Action item: The answer should be the records below, word for word, with every image left out.
== Segment start ==
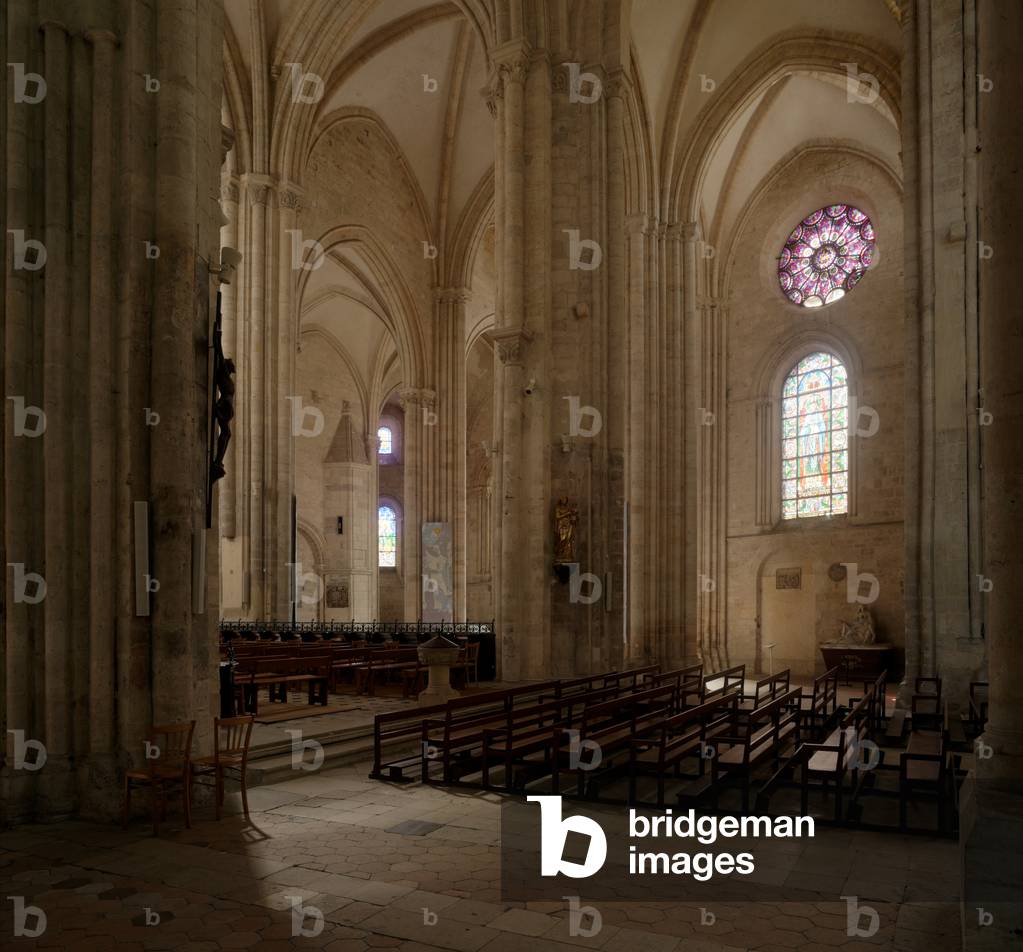 Collegiate church (Collégiale Notre-Dame-du-Fort). Interior. The crossing and south transept. Gothic. 12th century.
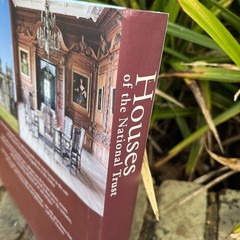 Houses of the National Trust: New Edition by Greeves, Lydia Book Simon Jenkins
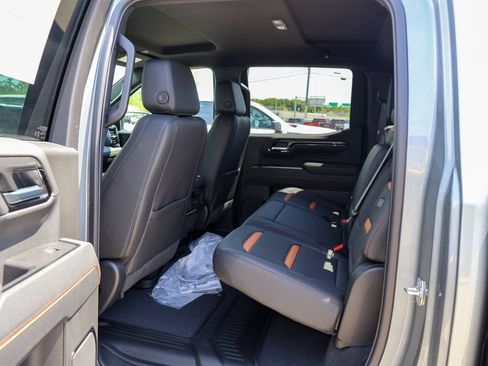 New 2026 GMC Sierra 1500 AT4 AWD/4WD image 10
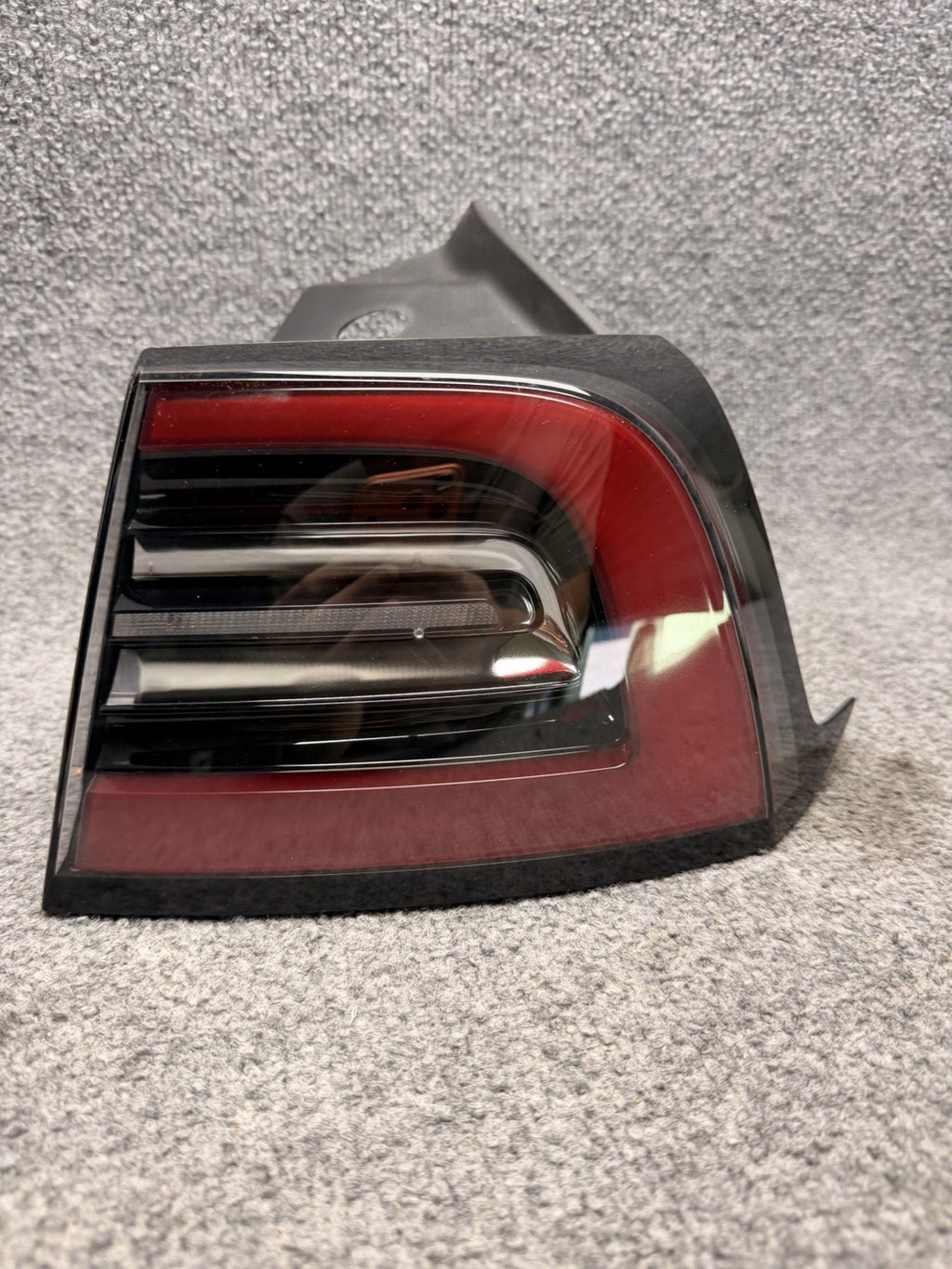 2021-2024 TESLA MODEL 3/Y RIGHT SIDE  TAIL LIGHT USED OEM (1502087-00-D) 4 Pin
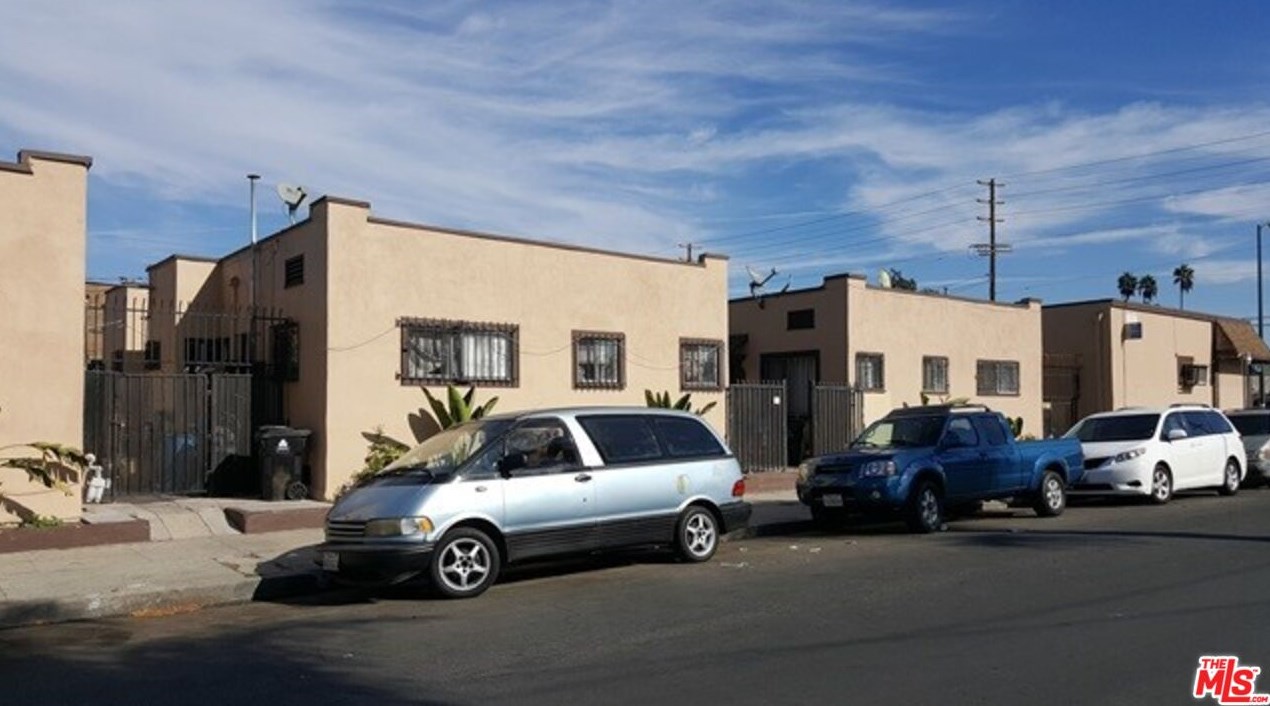 4219 Main St, Los Angeles, CA 90037-2211
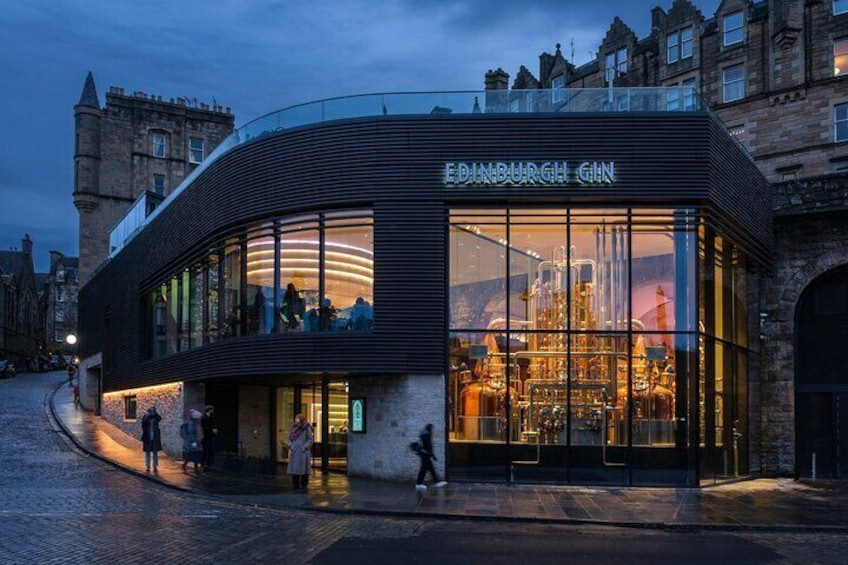 Edinburgh Gin Distillery Making Experience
== Segment end ==
Written answer:
 Collegiate church (Collégiale Notre-Dame-du-Fort). Interior. The crossing and south transept. Gothic. 12th century.
 Houses of the National Trust: New Edition by Greeves, Lydia Book Simon Jenkins
 New 2026 GMC Sierra 1500 AT4 AWD/4WD image 10
 2021-2024 TESLA MODEL 3/Y RIGHT SIDE  TAIL LIGHT USED OEM (1502087-00-D) 4 Pin
 4219 Main St, Los Angeles, CA 90037-2211
 Edinburgh Gin Distillery Making Experience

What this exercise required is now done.